Until February, Star lived in a rented apartment in Burlington, Vt., with her husband Danijal and daughter Alina, 6. Now the family lives in a modest Cape Cod, which they own. Danijal works 11-hour shifts as a truck driver, and Star works two jobs in order to make the mortgage, but the sacrifice, she says, is worth it. “It’s amazing. We can do whatever we want. We can plant a garden. We can sit outside and have music and a cookout. We can live a normal and nice life.”
No doubt, for many American families, buying a home is a smart choice. On paper, putting nearly all your liquid assets into a single piece of property may look foolish, but in practice it often works out beautifully, with the mortgage paid off just before retirement, leaving a couple with a cheap place to live in old age. The point of questioning the virtues of owning a home isn’t to question the decisions of families like the Korajkics; it is to take into account the trade-offs involved.
One major trade-off: mobility. Being free to move around the country easily means that people can go where the jobs are. Fifteen years ago, Andrew Oswald, a professor of economics at the University of Warwick in the U.K., was one of the first to note that places with high homeownership rates seemed to have high rates of unemployment as well. Indeed, some of the U.S. cities with the highest rates of homeownership have stagnant Rust Belt economies: Detroit; Allentown, Pa.; Rochester, N.Y.; Akron, Ohio. “The economy is changing all the time, and we need people to be mobile in order to drop into the right job slots,” Oswald says. Where most people own their homes, rentals are sparse, which makes it tougher for workers — especially young, nimble ones — to redeploy.

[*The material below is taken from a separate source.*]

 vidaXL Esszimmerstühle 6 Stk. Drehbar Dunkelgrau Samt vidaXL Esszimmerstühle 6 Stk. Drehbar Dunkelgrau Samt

The inflexibility that pervasive homeownership brings to labor markets has a cost. Lawrence Katz, an economist at Harvard University, notes that Americans, compared with other nationalities, are more prone to move in the wake of downturns. In a classic 1992 study, Katz and Olivier Jean Blanchard, then at the Massachusetts Institute of Technology, found that it takes U.S. regions about six years to recover from a local spike in unemployment, and during those six years the same number of people who have lost their jobs leave the area. “It’s not that the jobs that disappeared come back,” says Katz, “but that people move on to new areas with new opportunities.” In a typical year, some 40 million Americans move — and nearly 20% do so for a job.
Unless, of course, they can’t. And that is the case for many now. In the wake of the April expiration of a short-term tax incentive to buy, existing home sales are again falling. With property values depressed, some 11 million homeowners now find themselves owing more on their loan than their house is worth. Even if a likely buyer appears, a sale is not a sure thing. Jenn Hartzell looked into selling her family’s house in Glen Burnie, Md., when her husband retired from the Air Force and came across his “dream job” — working as a radio program director — in San Diego. But the value of the house was less than the amount the couple still owed on their mortgage. “We couldn’t do it,” says Hartzell. “We couldn’t leave.”
In today’s economy, mortgages can be a millstone. That’s new. Time was, workers expected to stay with one company for decades and see a steady rise in annual income. But these days, being in the workforce is a game of constant reinvention. Workers expect to change companies, even professions, multiple times. Households are much more likely now than in the past to see income dip dramatically — even if only temporarily. In the late 1960s, about 7% of households experienced a decline in income of 50% or more over a two-year period, according to Brookings Institution economist Karen Dynan. In the mid-2000s, some 12% of households saw such a drop. Yet a mortgage, typically a homeowner’s largest expense, is as rigid and unforgiving as ever. For homeowners, quickly adapting to new financial realities is rarely an option. Homeownership may provide a sense of stability to families, but stability in today’s economy isn’t always a virtue. What families need in order to maintain income is the flexibility that homeownership works against.
Solving or Causing Problems?
Earlier this year, Fannie Mae conducted a survey on homeownership. The top reason people gave for buying: “It means having a good place to raise children and provide them with a good education.” The second: “You have a physical structure where you and your family feel safe.”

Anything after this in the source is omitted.